The reviewers I had read skipped over the events of the fifth book and focused on the sixth. But at that point, I had a bad taste in my mouth. Confronted with the first oppressed person he encountered, Basil proceeded to rape her, blame the rape on her and the Devil, force her to marry a person who had already deceived and abandoned her once, and then left the area. But Basil had entered the wilderness and I knew a fight with a dragon was coming, so there could still be some of what I craved.
There certainly was plenty of violence in the sixth book. Basil and his wife set up house in a tent in the wilderness a little way apart from their household. There, a serpent in the form of a youth tried to seduce the woman. But she immediately recognized him for what he was and called Basil. Upon Basil’s arrival, the serpent transformed into a three-headed, fire-breathing dragon, which the Borderer struck down with a single sword blow. The woman is then threatened by a lion, which Basil slaughters with similar efficiency. Then a horde of bandits attacked, all of which Basil easily defeated, chasing their cavalry on foot and armed only with a stick and a small shield. His Prowess overwhelmed every force against him.
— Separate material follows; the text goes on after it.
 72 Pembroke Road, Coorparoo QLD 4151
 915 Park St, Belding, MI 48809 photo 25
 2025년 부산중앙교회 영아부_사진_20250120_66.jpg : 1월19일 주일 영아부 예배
The bandit leaders then stumbled upon Basil’s camp while trying to find their missing army. After Basil soundly beat these bandit captains, they decided to recruit the aid of Maximo, a warrior woman nearby descended from the Amazons who accompanied Alexander the Great back from India. Maximo lived nearby with a handpicked army of her own.
Maximo brought her army to attack, but quickly discovered the bandits were trying to trick her. She challenged Basil to single combat anyway. Basil skillfully charged through a river and lopped off Maximo’s spearhead and then the head of her horse, upon which she quickly surrendered. Then, after Basil destroyed the remaining army, Maximo begged him to fight her the next day so she could demonstrate her true skill at arms.
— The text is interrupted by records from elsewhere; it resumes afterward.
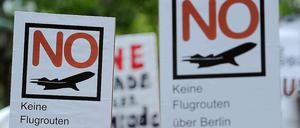 Klare Ansage: Bürgerinitiativen wehren sich gegen die Flugzeuge über ihren Köpfen.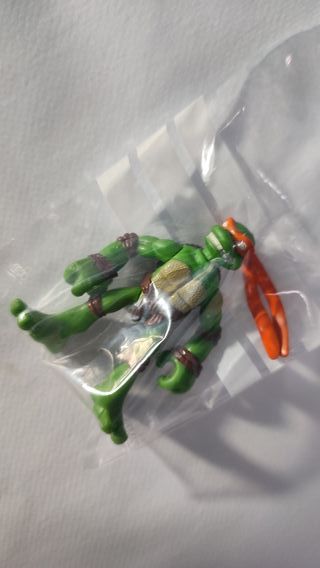 FIGURA 6,5CM MICHELANGELO DE LAS TORTUGAS NINJA 🍕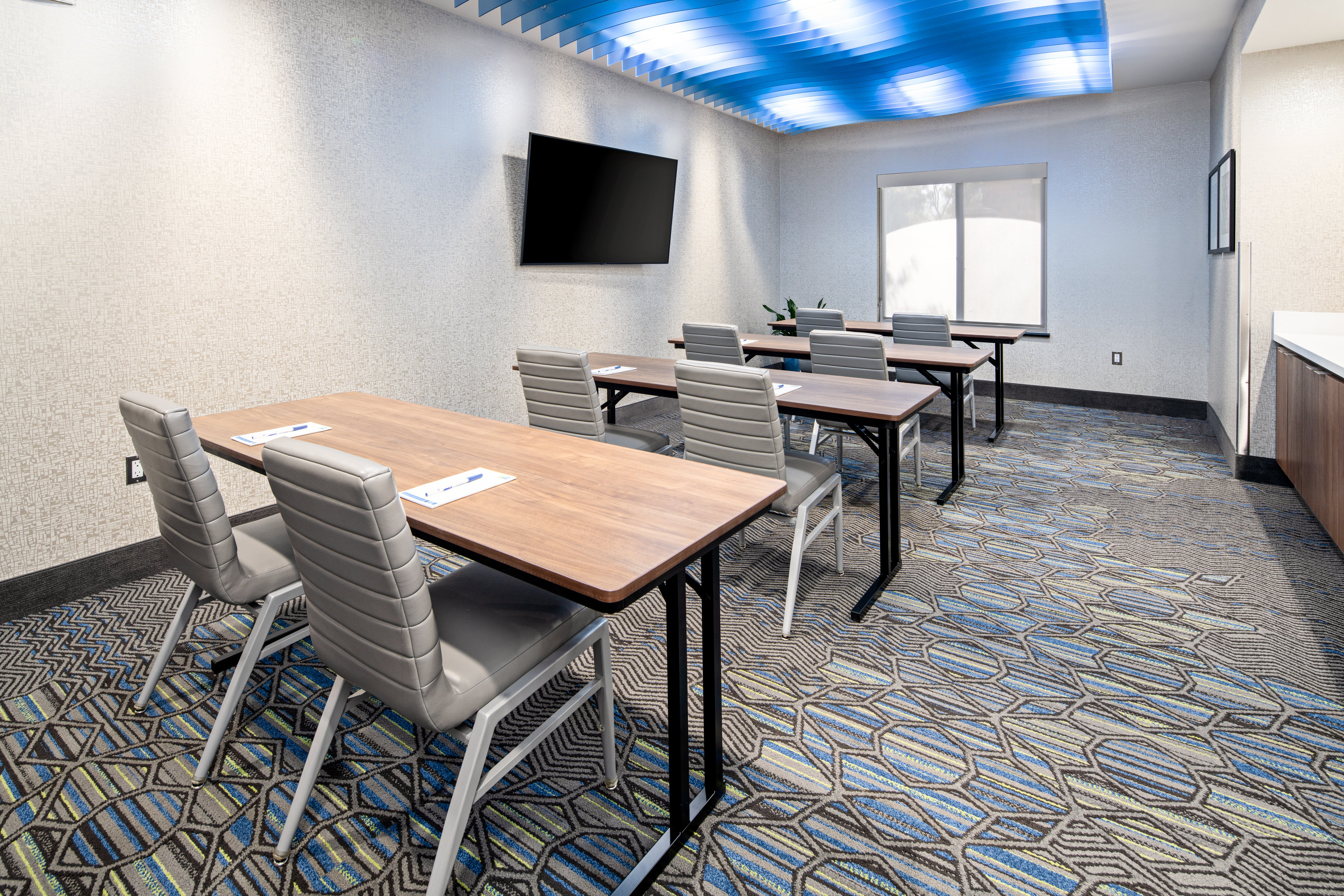 Holiday Inn Express Hotel Suites ATASCADERO 39/48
Basil dominated Maximo easily in the fight by disarming her and again cutting her horse in two. Then Basil and Maximo had sex in a grove of trees by the river. Basil left her there, begging him to stay. He returned to his wife, who was understandably suspicious. But Basil reassured his wife that he wounded Maximo and then delayed merely to dress her wound, “that I should not be blamed for killing a woman.” Id., line 3294.
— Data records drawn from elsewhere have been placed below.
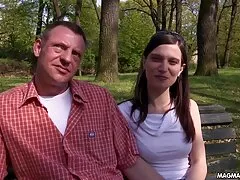 Eric schopt de vriendin van mature lesbische sex zijn vriendin.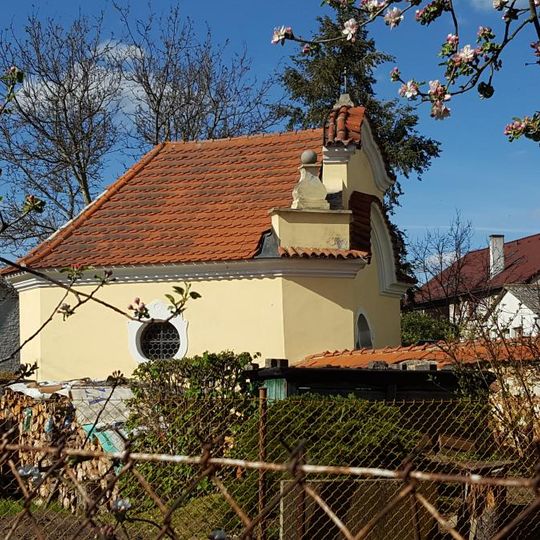 Kaple ve Skřipli u kostela svatých Šimona a Judy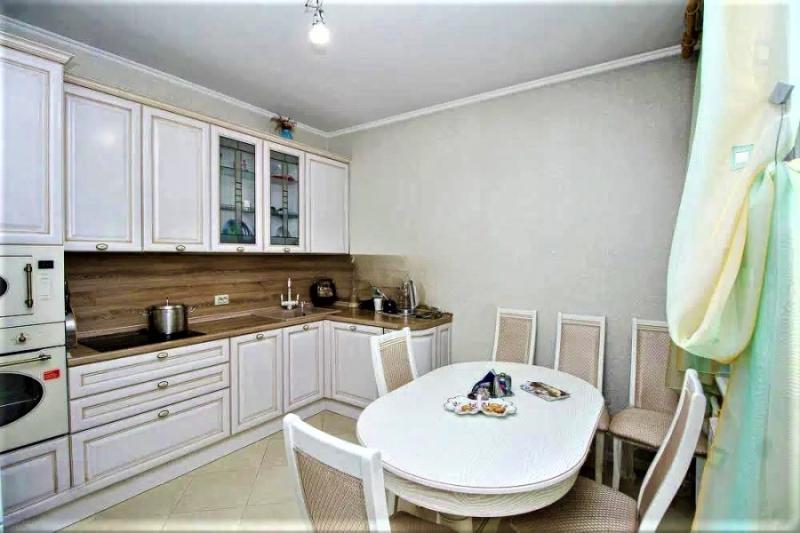 2-комн. квартира, 78.6 м², 6/16 этаж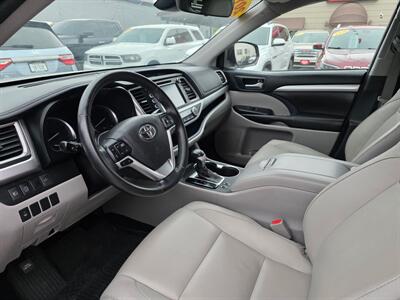 2017 Toyota Highlander XLE - Photo 5 - Lexington, NE 68850
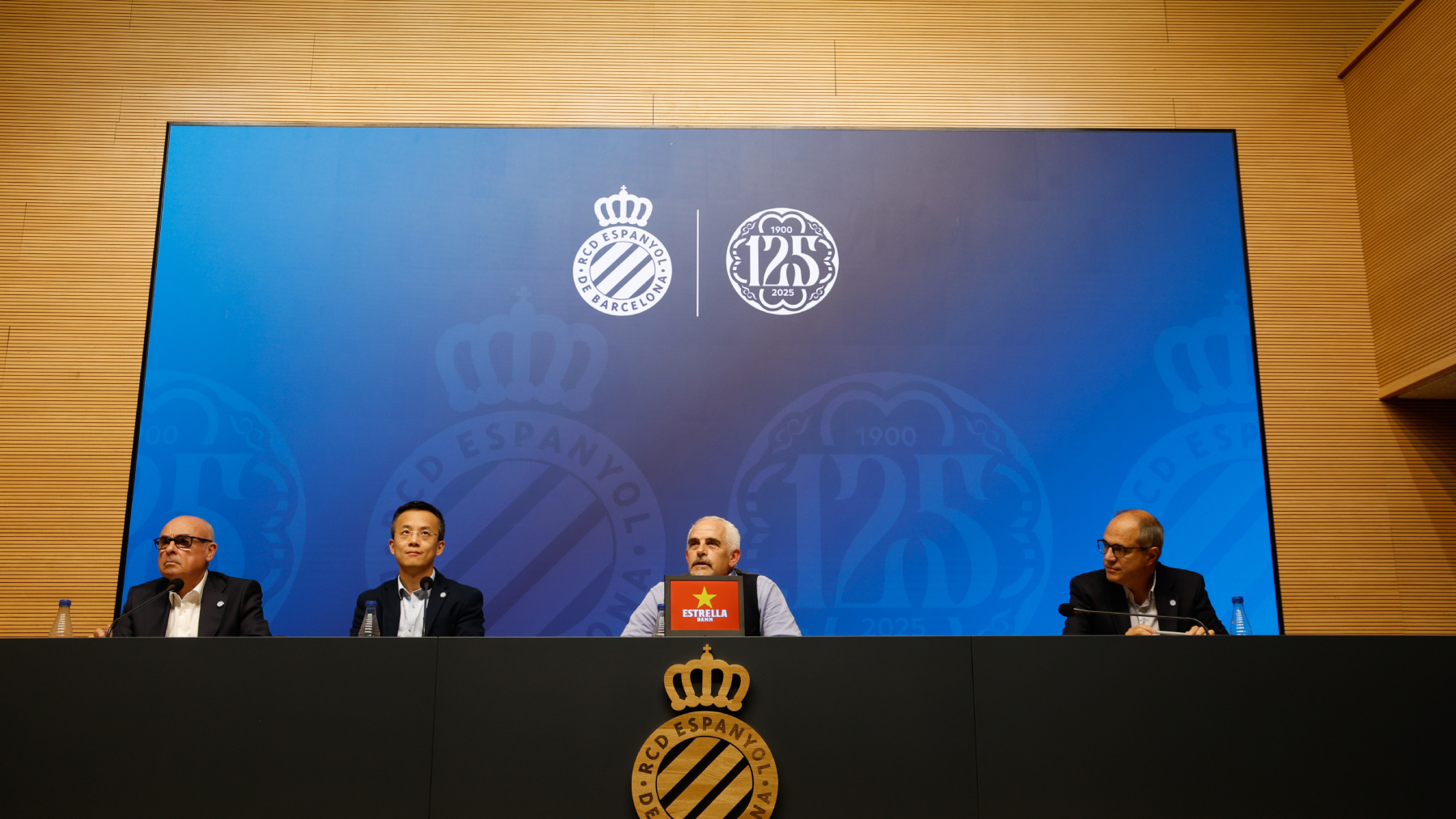 alan pace mao ye acto presentacion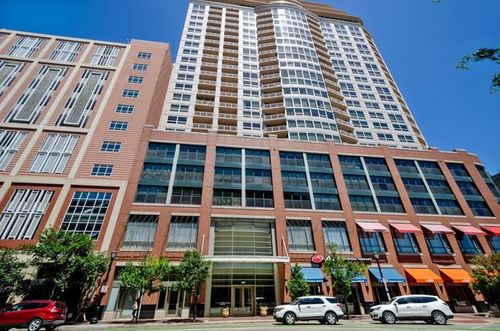 505-807 Davis St, Evanston, IL, 60201-4492 | Card Image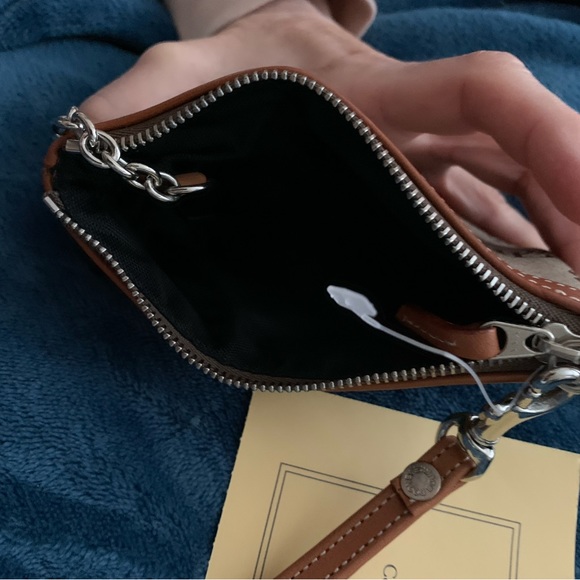 Dooney & Bourke Pouch with Keychain & Strap | New with Tags - Picture 2 of 2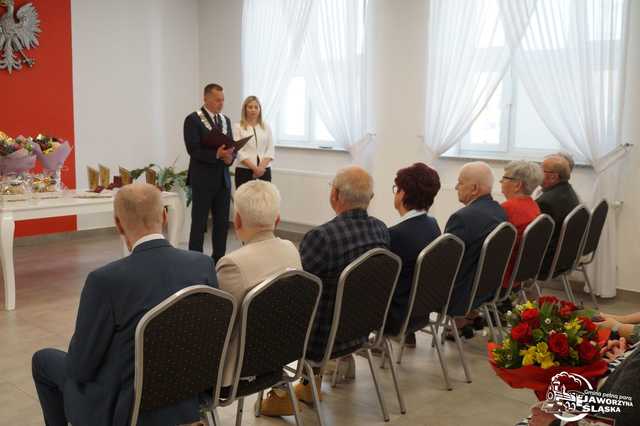 [FOTO] Cztery pary z gminy Jaworzyna Śląska świętowały Złote Gody i otrzymały pamiątkowe medale
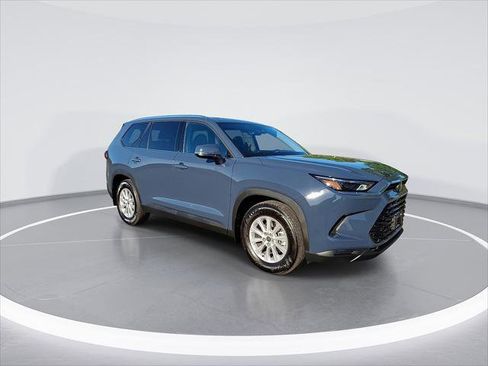 Certified 2025 Toyota Grand Highlander AWD image 3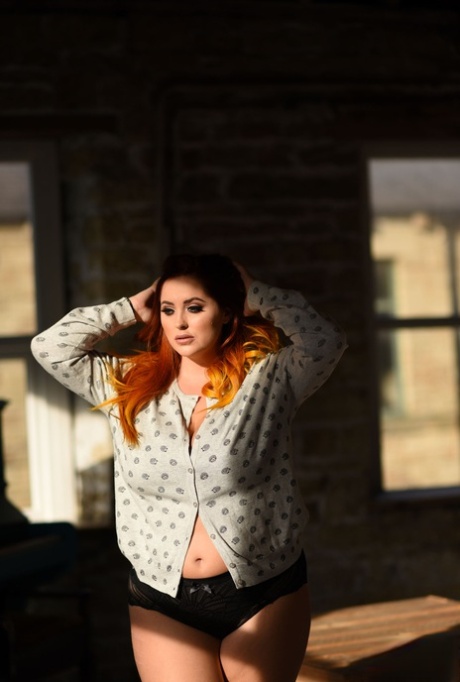Den tjocka modellen Lucy Vixen klär av sig till sina spetstrosor och visar sina enorma bröst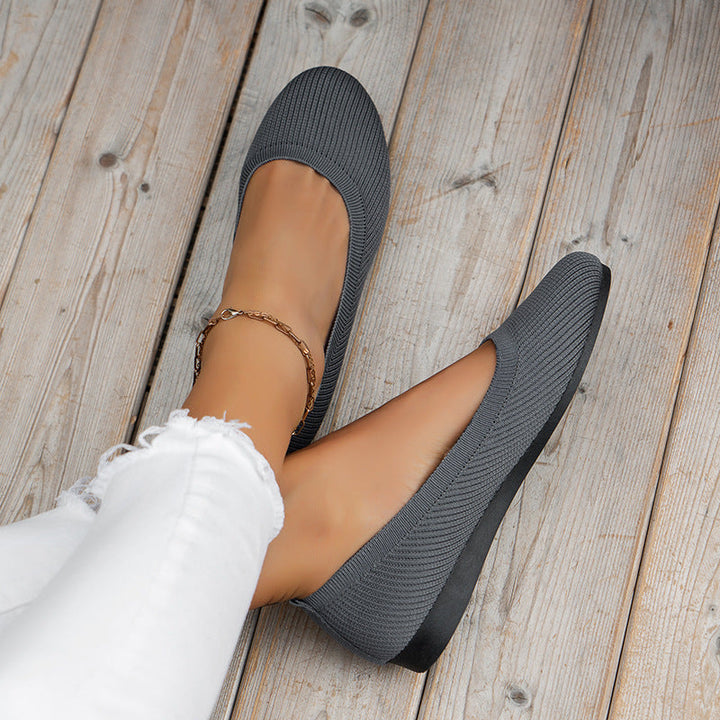 Orthopädische Damen-Ballerinas Mia, schwarze Komfortschuhe mit weicher Sohle, perfekt für Büro & Stadtbummel.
When I said this the Girl had some relief, Thinking the truth had been in what I said. Then having taken the Girl's words to mind, Myself all boiling over in much rage, Forthwith I mounted as if for the chase, And having caught I slew her ruthlessly, Adulteress... Id., beginning line 3295
There were two more books to the story. Basil built a magnificent mansion on the banks of the Euphrates and increased his fame through nondescript conquests and feats of strength and athletics. And finally, Death claimed him through illness and Basil’s wife prayed herself to death trying to save him, the two dying nearly at the same instant.
Digenes Akrites is for me a warning that the stories of past heroes are not full of light. And that not every storied elite warrior is knightly. Basil the Borderer was a warrior of undoubted Prowess. He slew hordes of enemies and slaughtered dangerous beasts. But when it counted, he proved he lacked the essentials of Chivalry. When faced with a vulnerable and oppressed person, he raped her. And he saw his only crime as adultery. Afterward, he lied to his wife about his dalliance with Maximo and then snuck off in the night to murder Maximo, blaming her as an adulteress.
I expected a redemption arc. But it never came. Instead, Basil’s overwhelming Prowess prevents him from facing any consequences but the inevitability of death. And even at death, Basil gets defined entirely by his Prowess. He does not even get the return to humanity on his deathbed that Achilles experienced when Priam begged for the return of Hector’s body. In the end, the Borderer lived and died nothing but a supremely gifted killer, with only a legacy of marble and blood.
May the pursuit of virtue spare me such a legacy.